Edit: Maybe I will try to set an easy example: A murder trial is totally based on circumstatial evidence: A bloody knife and a witness telling John Doe stated he wanted to kill Jane Doe. ADA thinks this is sufficient for 90% threshhold and goes to court. After the discovery period, Jane is found in John Doe's father's cabin wrapped in plasic bags having John's fingerprints all over it. The body and plastic bags with fingerprints are all not permissable in court? See, I really don't know. I am just curious. I work with the legal system as part of my job, but all I do is writing petitions and judge's orders for my own guardianship cases and my threshhold for asking for prosecution is more than 50% of evidence that a crime or missdemeanor occured. I have not more than 3 days of training for that - which is sufficient for what I do and that is the most you get in the USA for my job. Our state is actually one of 3 which trains their workers at all with a 3 week academy.

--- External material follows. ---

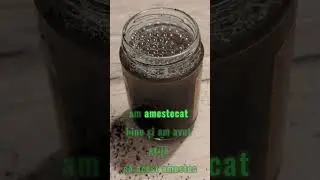 Primii Pași &icirc;n Testarea Solului 🌱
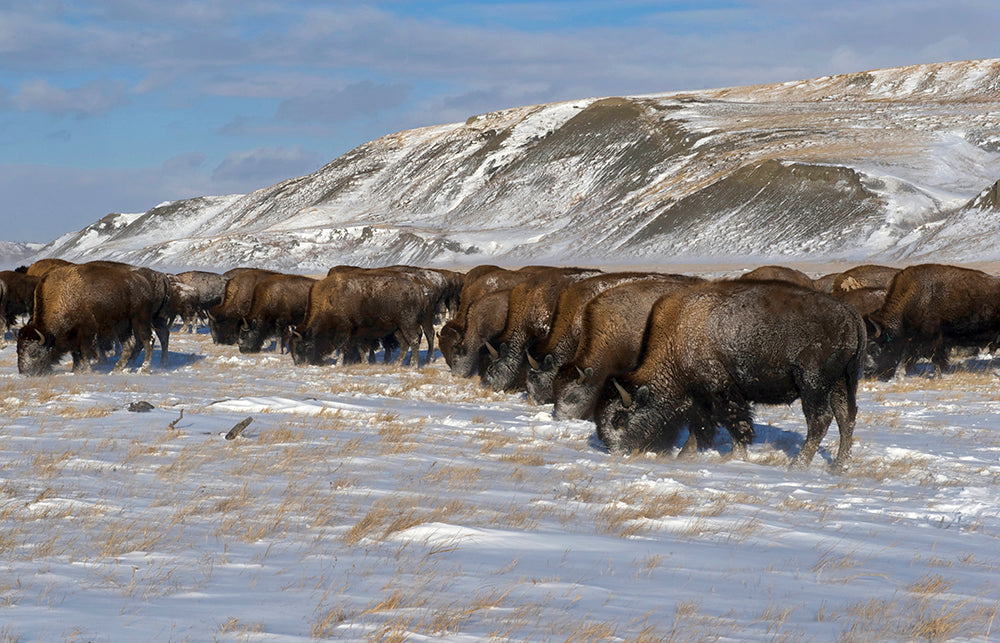 Bison Herd Forage through Snow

The discovery process is the period where the parties exchange information. The parties operate under a ongoing duty to supplement, so they have to produce relevant documents as they find them regardless of when that happens.

In pretrial the parties have to identify which of the documents that have been produced they intend to use as exhibits at trial. This is a necessary step to ensure fairness so the other side can object to its use (and the judge can decide) before you drag it in front of the jury.

You can use documents to impeach a witness or refresh the witnesses' recollection even if its not in evidence (but that doesn't mean it automatically becomes evidence).

Finally, if you discover a document not produced through discovery at a later date you can seek its introduction if it should have been produced and the other side has opportunity to review it. Generally works when it's used by the opposing party, so you can't intentionally sandbag your opponent by withholding relevant documents.